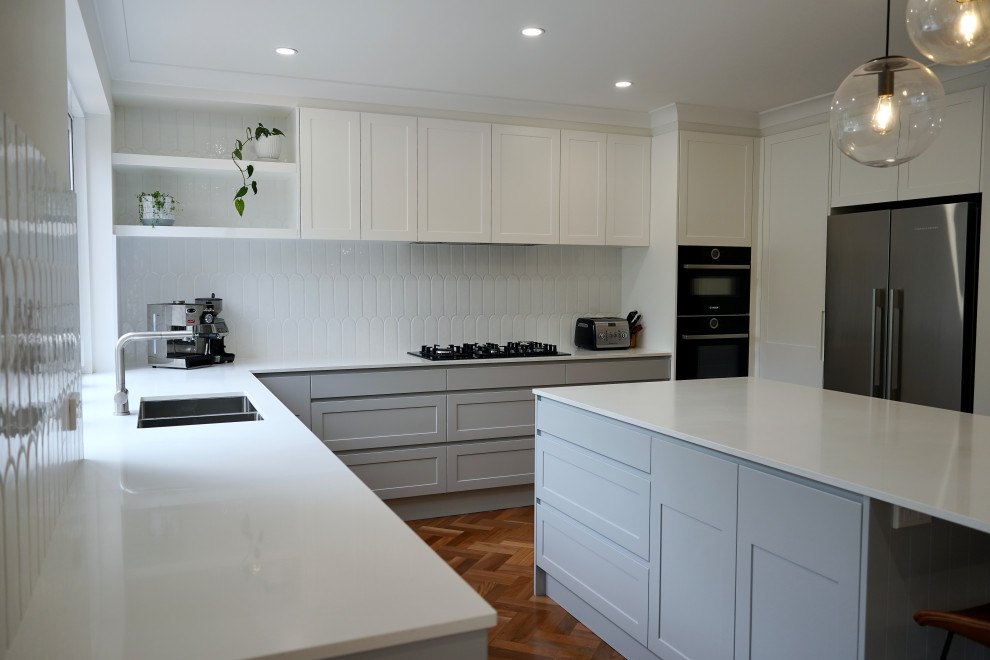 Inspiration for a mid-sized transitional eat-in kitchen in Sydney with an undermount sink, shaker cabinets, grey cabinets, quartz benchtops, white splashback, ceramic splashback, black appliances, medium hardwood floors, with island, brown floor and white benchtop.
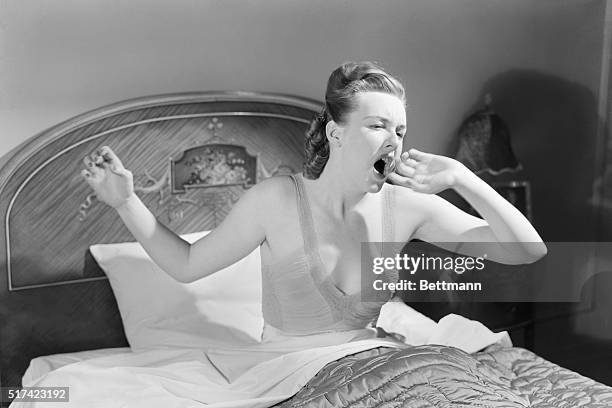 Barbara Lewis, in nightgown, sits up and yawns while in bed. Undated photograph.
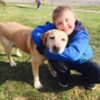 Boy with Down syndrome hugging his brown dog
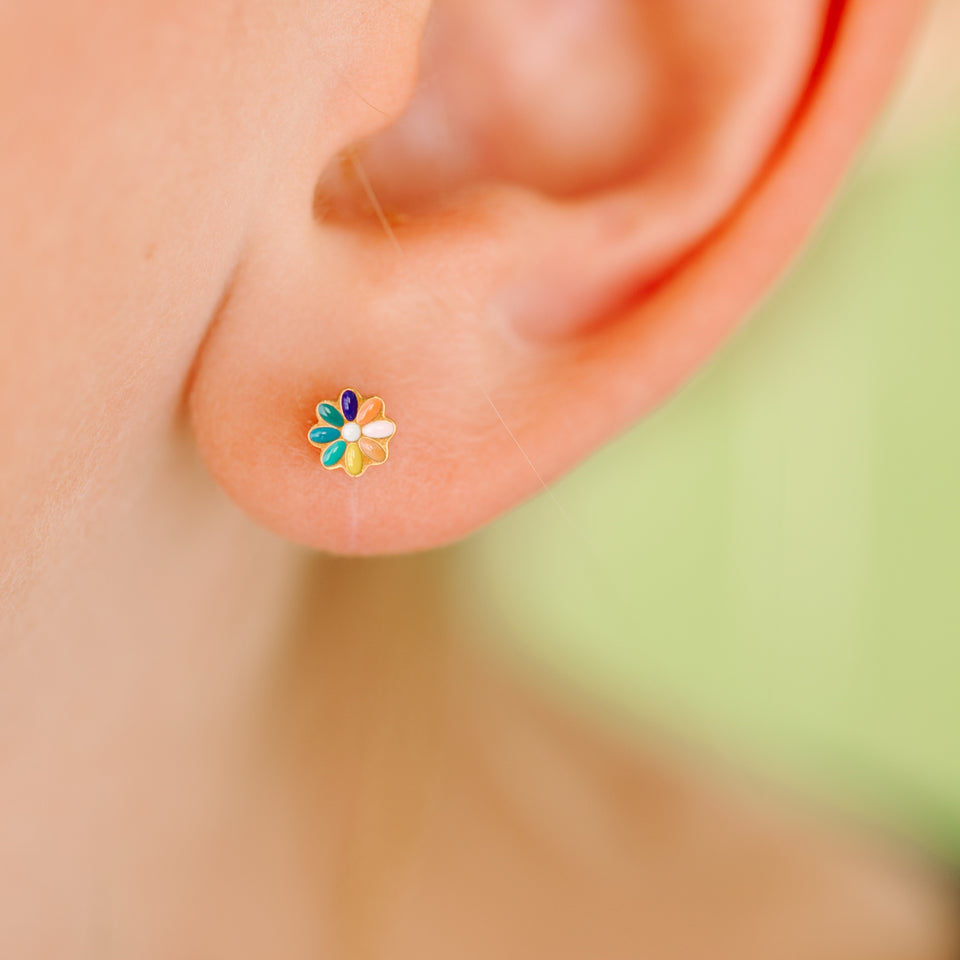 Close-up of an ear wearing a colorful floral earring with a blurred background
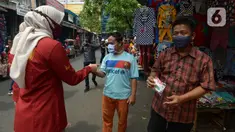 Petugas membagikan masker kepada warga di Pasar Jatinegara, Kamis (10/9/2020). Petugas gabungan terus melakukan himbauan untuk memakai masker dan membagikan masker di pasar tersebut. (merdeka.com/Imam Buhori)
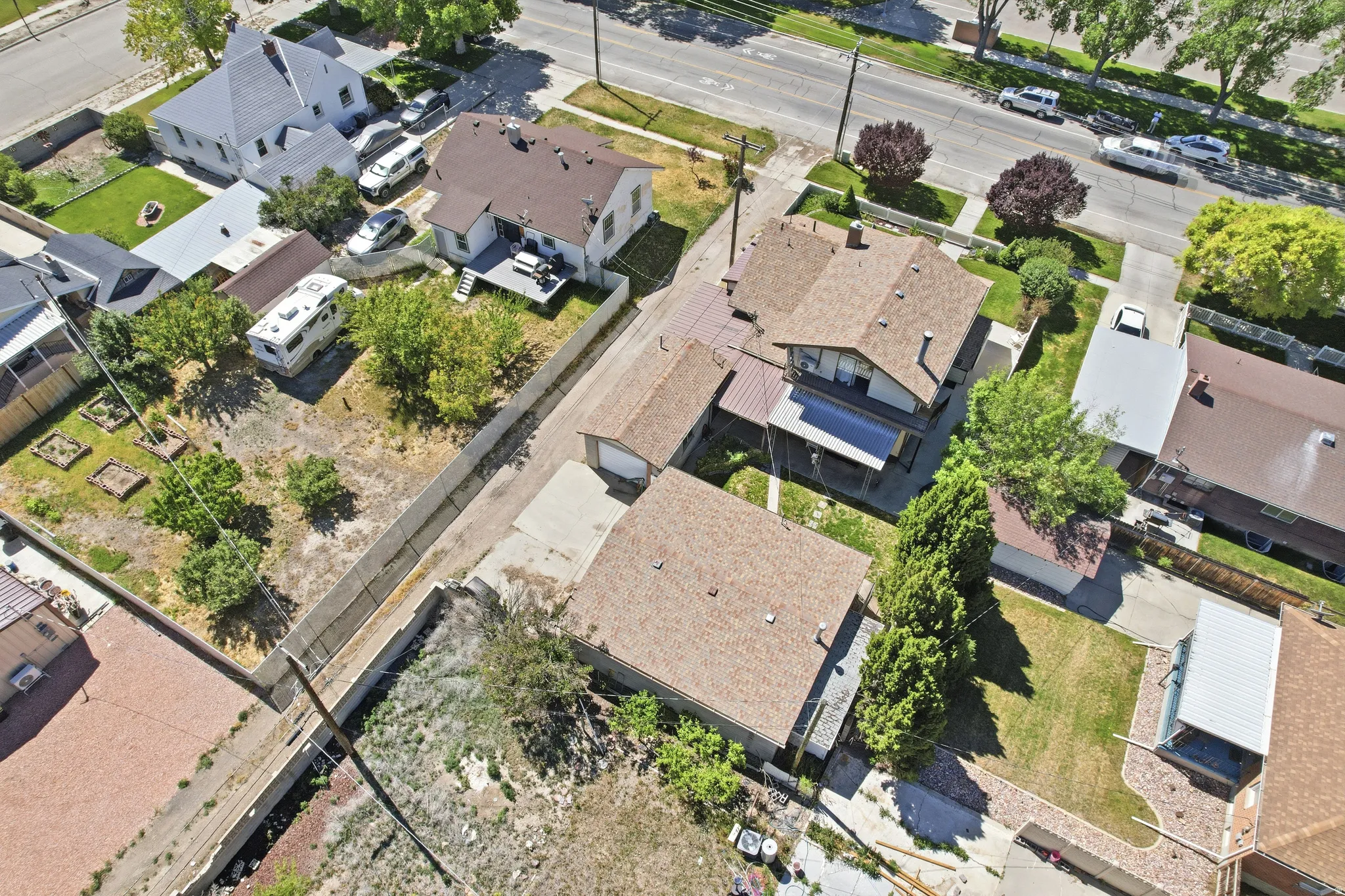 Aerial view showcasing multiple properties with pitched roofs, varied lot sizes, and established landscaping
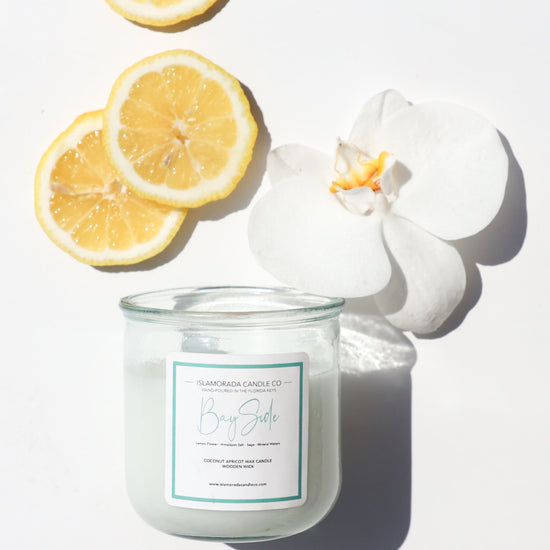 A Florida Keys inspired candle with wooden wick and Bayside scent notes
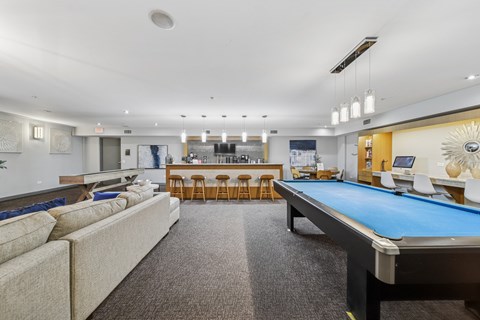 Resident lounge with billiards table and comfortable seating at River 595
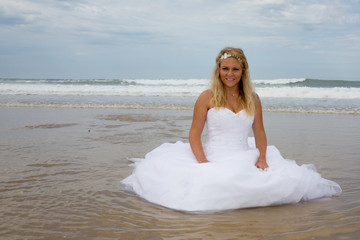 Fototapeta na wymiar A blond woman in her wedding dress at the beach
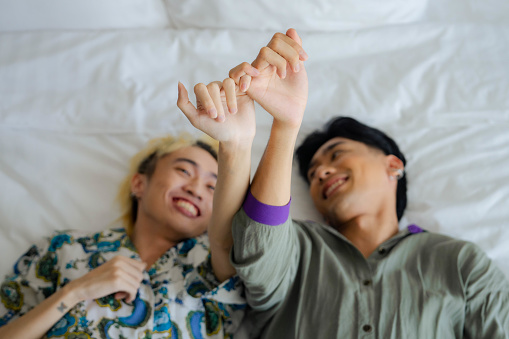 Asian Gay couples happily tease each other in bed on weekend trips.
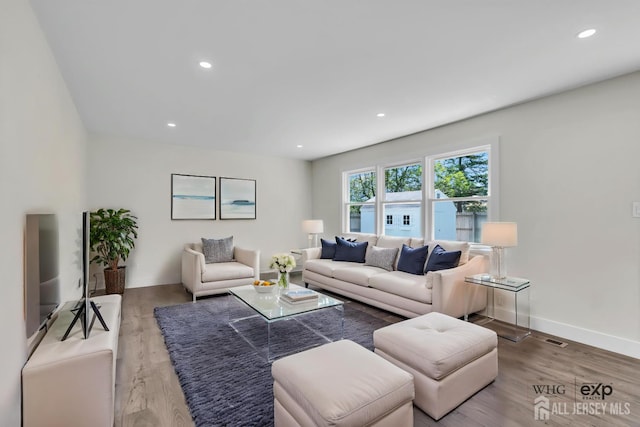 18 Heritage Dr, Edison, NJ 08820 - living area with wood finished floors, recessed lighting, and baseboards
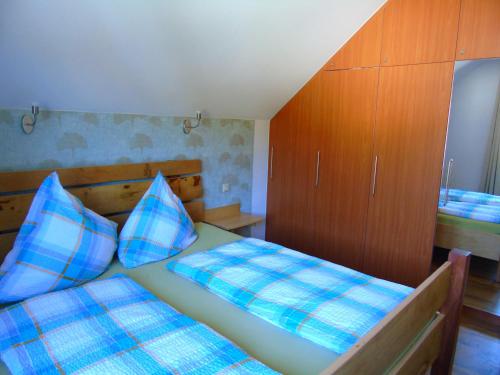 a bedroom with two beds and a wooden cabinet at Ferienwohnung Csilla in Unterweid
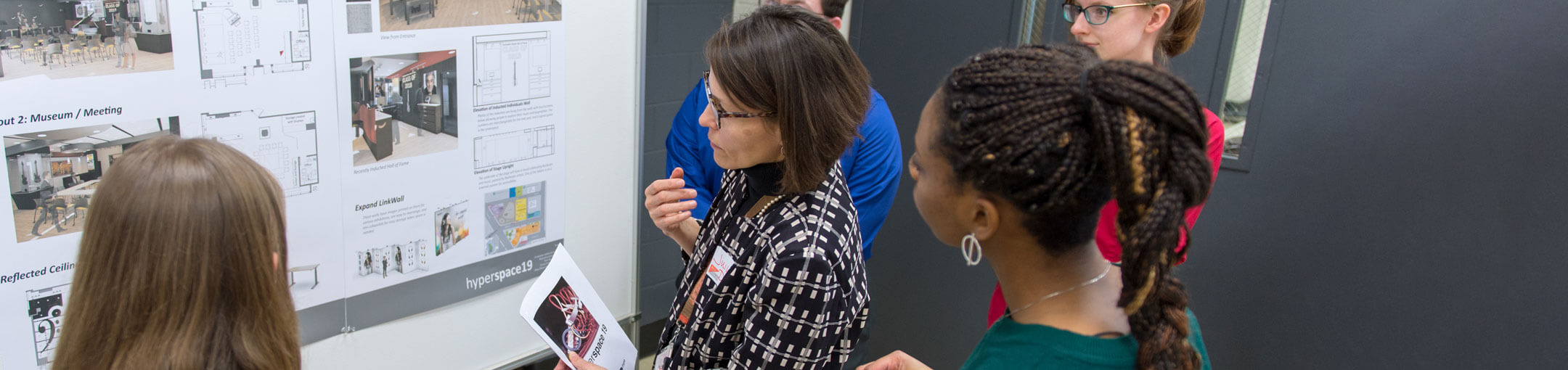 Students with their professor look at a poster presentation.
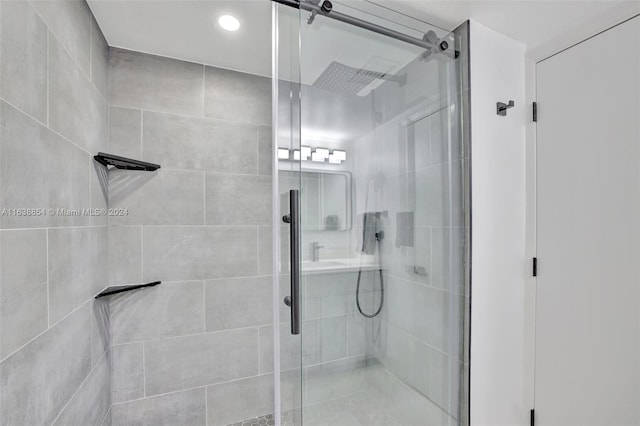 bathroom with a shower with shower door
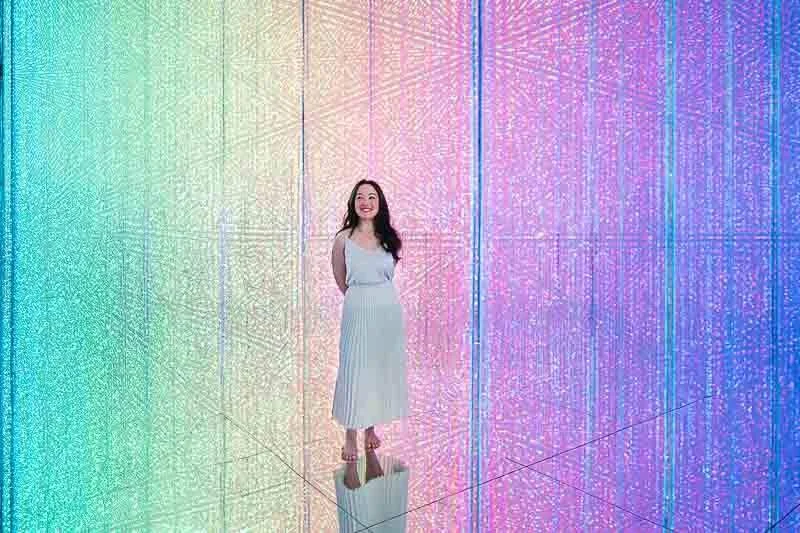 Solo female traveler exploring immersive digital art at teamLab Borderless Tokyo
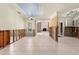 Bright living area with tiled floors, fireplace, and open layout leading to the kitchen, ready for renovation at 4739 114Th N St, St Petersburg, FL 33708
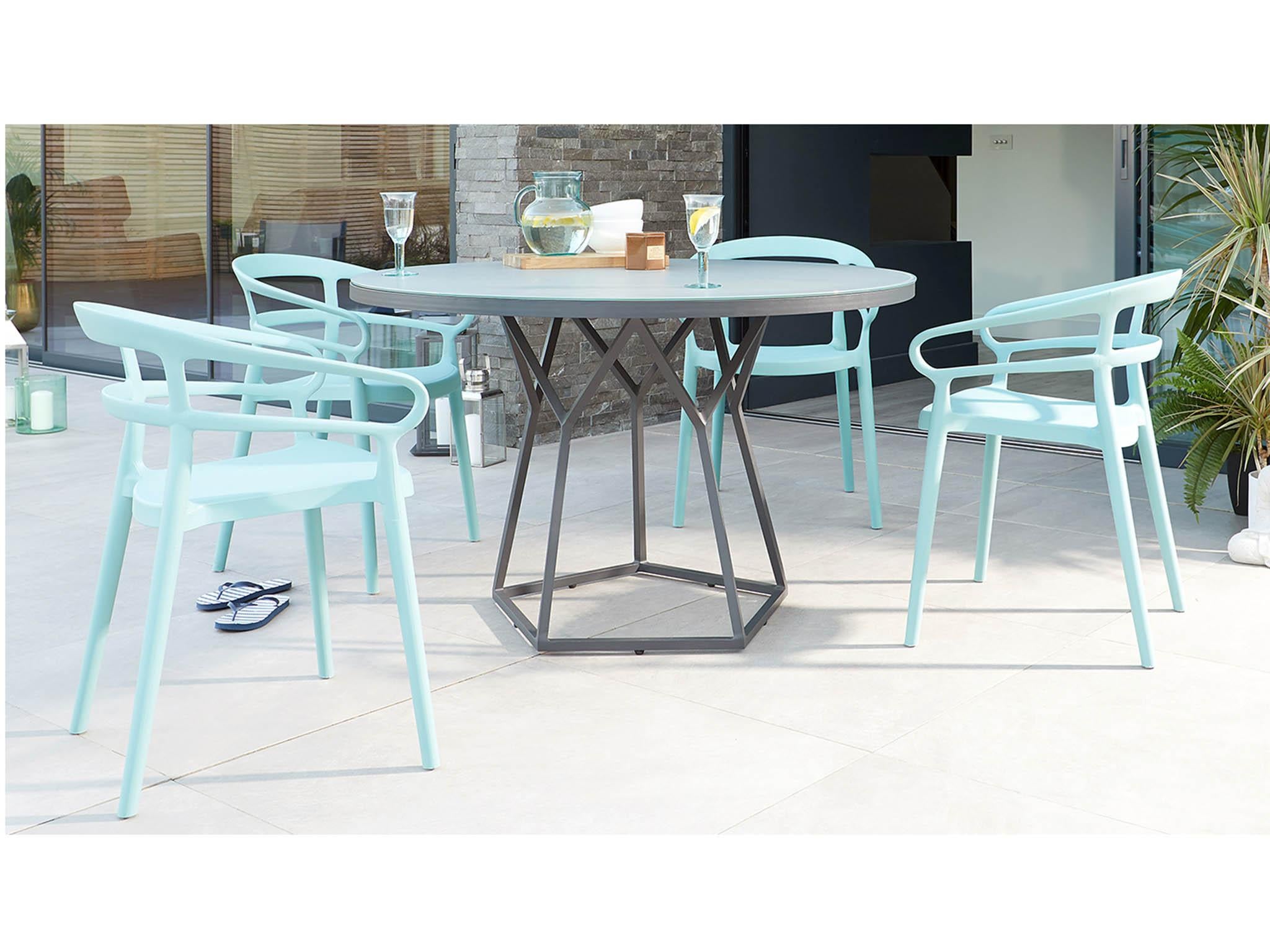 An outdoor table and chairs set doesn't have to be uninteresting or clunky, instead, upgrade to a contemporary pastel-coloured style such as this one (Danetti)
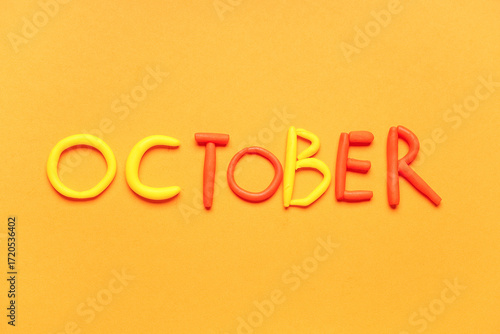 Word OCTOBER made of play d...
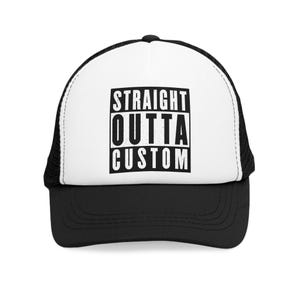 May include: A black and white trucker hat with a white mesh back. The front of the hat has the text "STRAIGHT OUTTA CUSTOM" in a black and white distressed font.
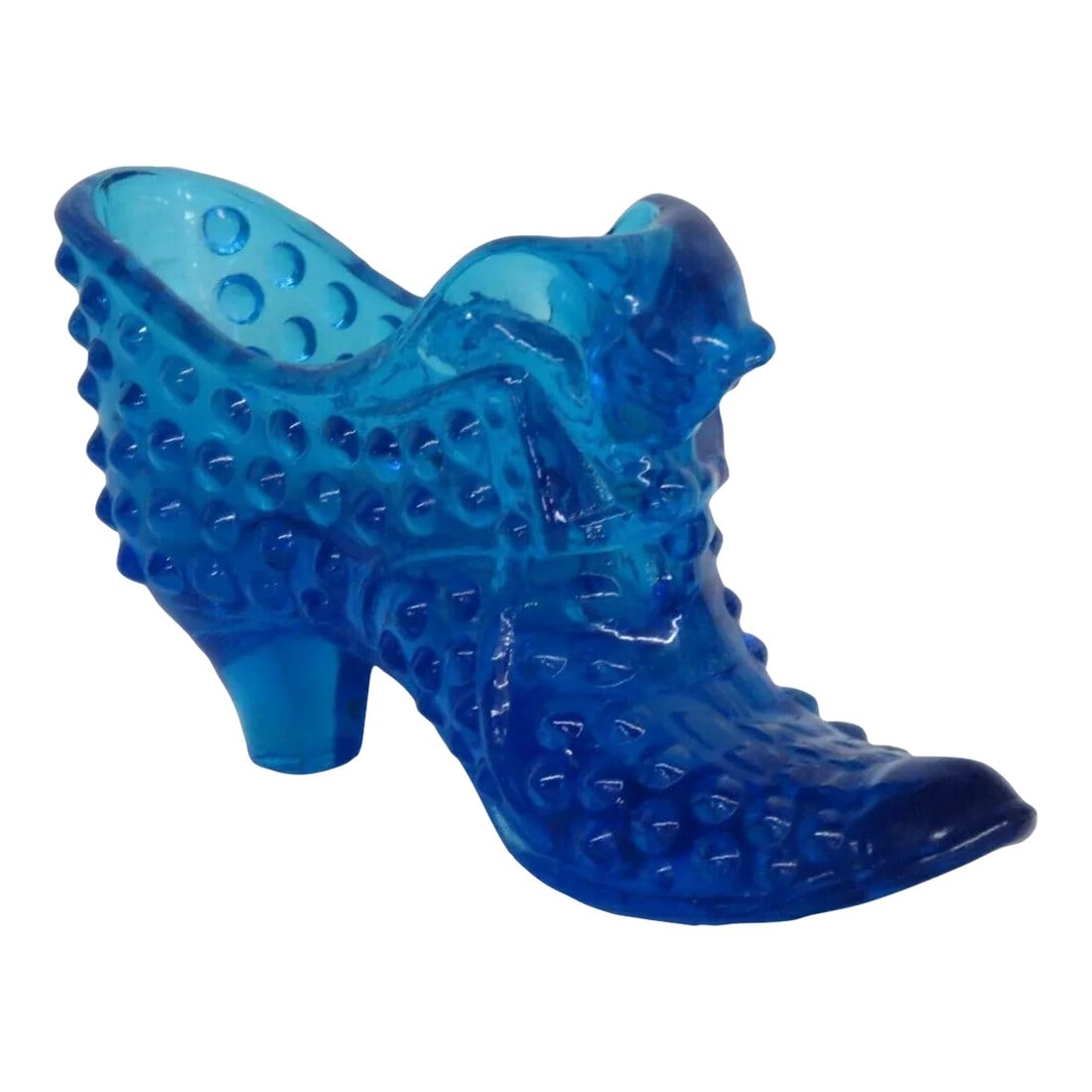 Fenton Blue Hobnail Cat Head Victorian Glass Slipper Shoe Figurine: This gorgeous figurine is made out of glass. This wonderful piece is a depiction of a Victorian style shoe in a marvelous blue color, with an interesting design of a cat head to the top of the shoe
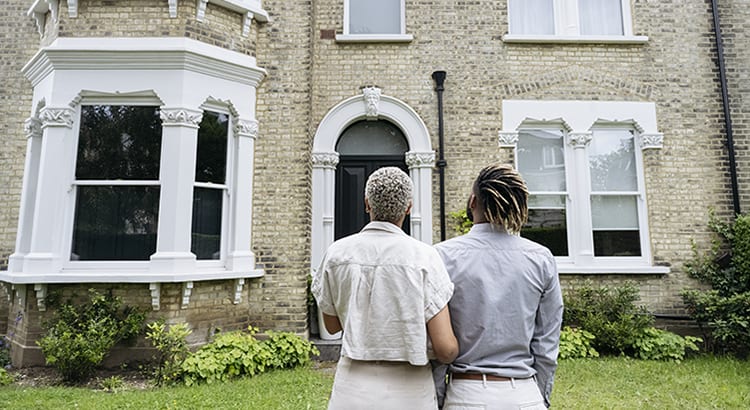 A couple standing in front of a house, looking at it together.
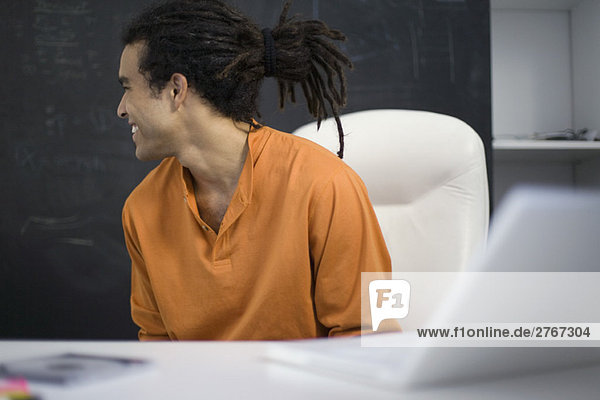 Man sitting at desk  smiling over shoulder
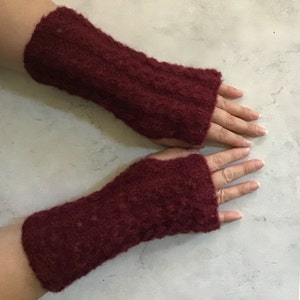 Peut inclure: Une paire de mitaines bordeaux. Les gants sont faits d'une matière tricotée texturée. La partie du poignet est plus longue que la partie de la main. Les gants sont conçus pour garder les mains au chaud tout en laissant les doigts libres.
□ □ □ □ □ □ □
--- Exercise brief ---
The response must match the data line for line, from its first line through the line with "Close-up of an", inclusive, and must leave out the pictures.

--- Finished task ---
 Inspiration for a mid-sized transitional eat-in kitchen in Sydney with an undermount sink, shaker cabinets, grey cabinets, quartz benchtops, white splashback, ceramic splashback, black appliances, medium hardwood floors, with island, brown floor and white benchtop.
 Barbara Lewis, in nightgown, sits up and yawns while in bed. Undated photograph.
 Boy with Down syndrome hugging his brown dog
 Close-up of an ear wearing a colorful floral earring with a blurred background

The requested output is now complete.